Could you print the stretch of lines below from the one with "Volkswagen T-Cross 9 of 12" through the one with "Oceanpower Mini Table", exactly as they stand and without any pictures?

__EXERCISE INPUTS__.
----
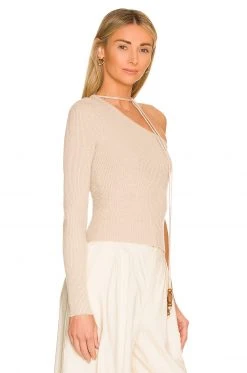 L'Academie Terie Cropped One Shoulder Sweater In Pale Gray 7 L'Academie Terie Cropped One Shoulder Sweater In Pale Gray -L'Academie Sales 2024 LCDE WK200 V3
----
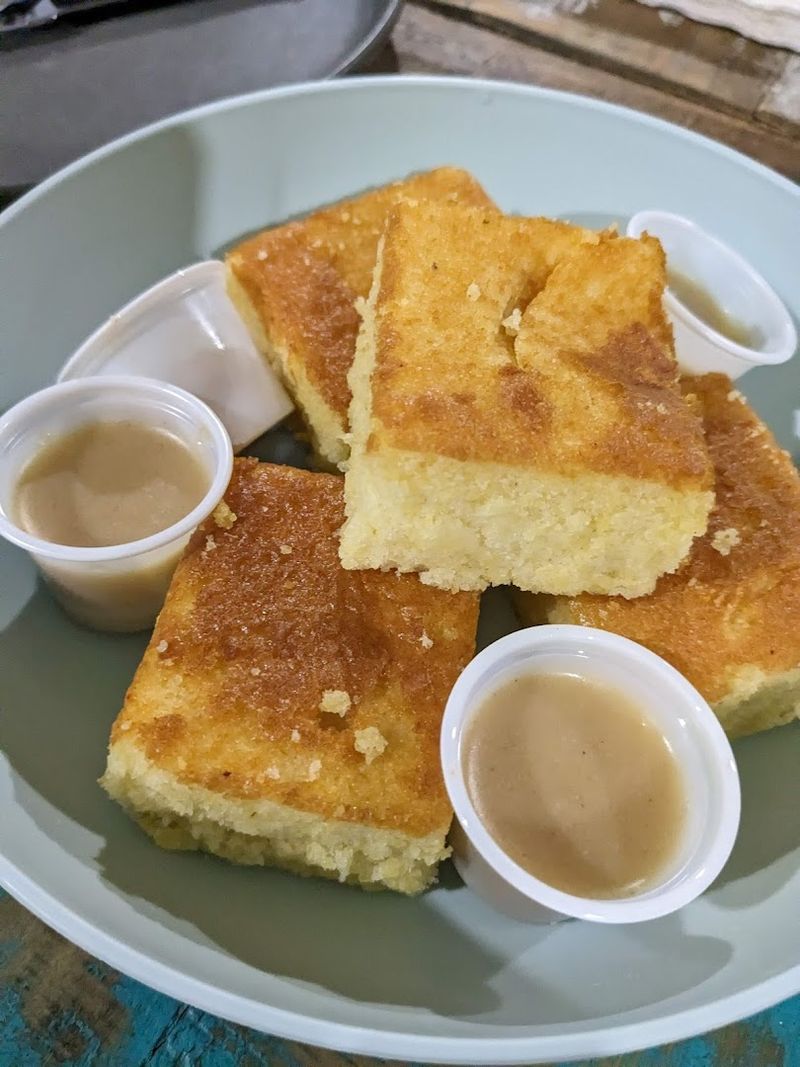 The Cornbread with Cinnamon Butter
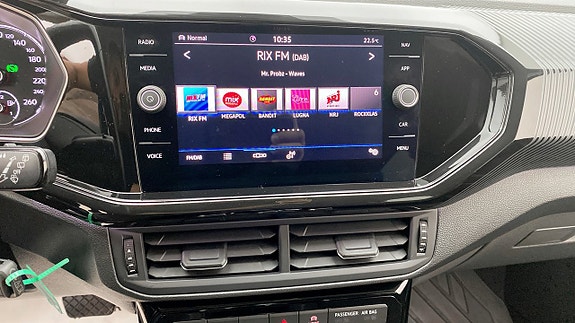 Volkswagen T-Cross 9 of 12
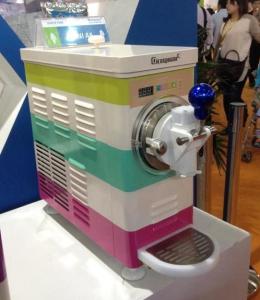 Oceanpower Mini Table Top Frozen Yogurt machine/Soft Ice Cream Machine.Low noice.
----
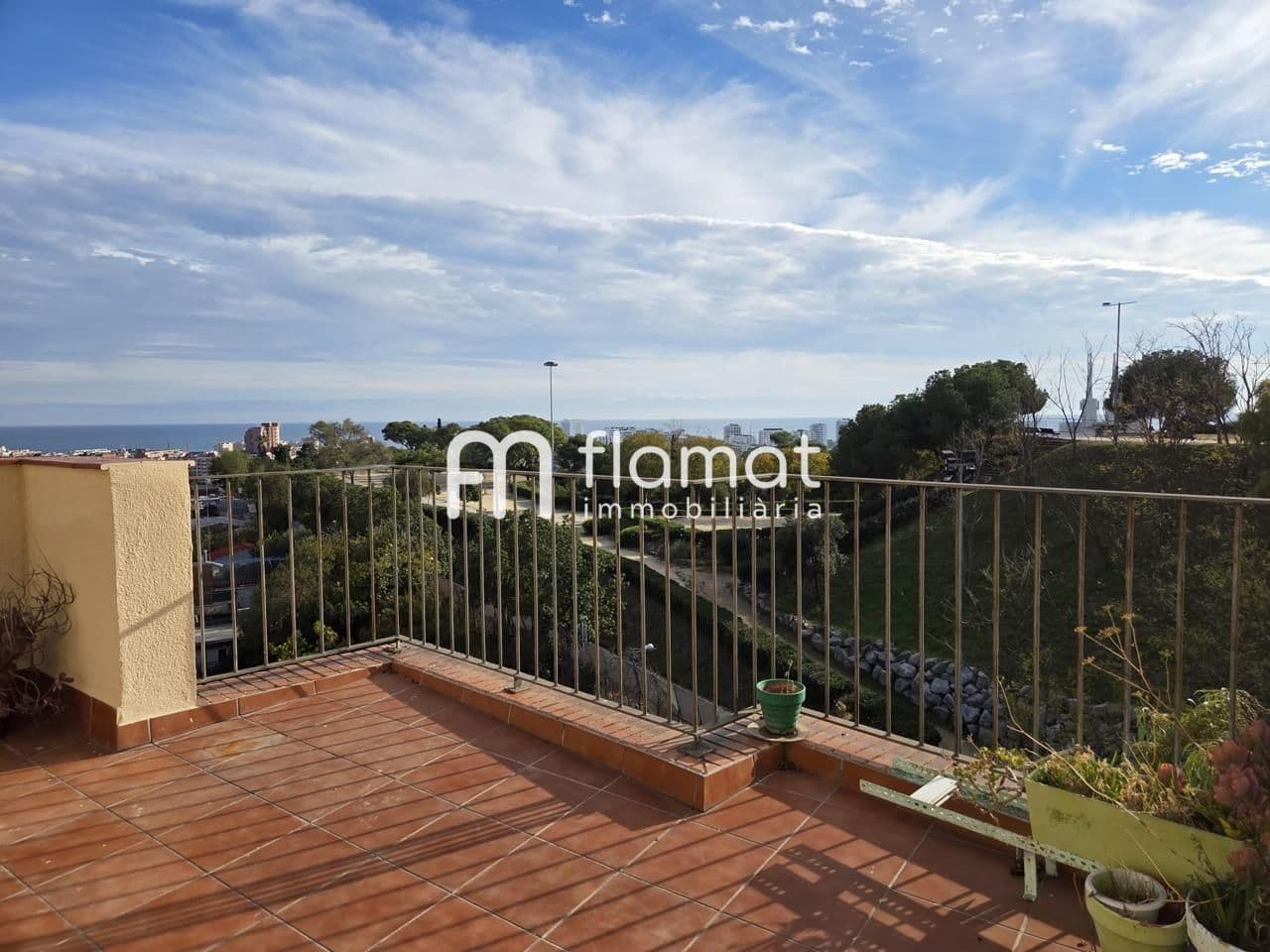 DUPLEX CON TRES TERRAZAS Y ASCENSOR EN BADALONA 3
----
__EXERCISE RESPONSE__.
 Volkswagen T-Cross 9 of 12
 Oceanpower Mini Table Top Frozen Yogurt machine/Soft Ice Cream Machine.Low noice.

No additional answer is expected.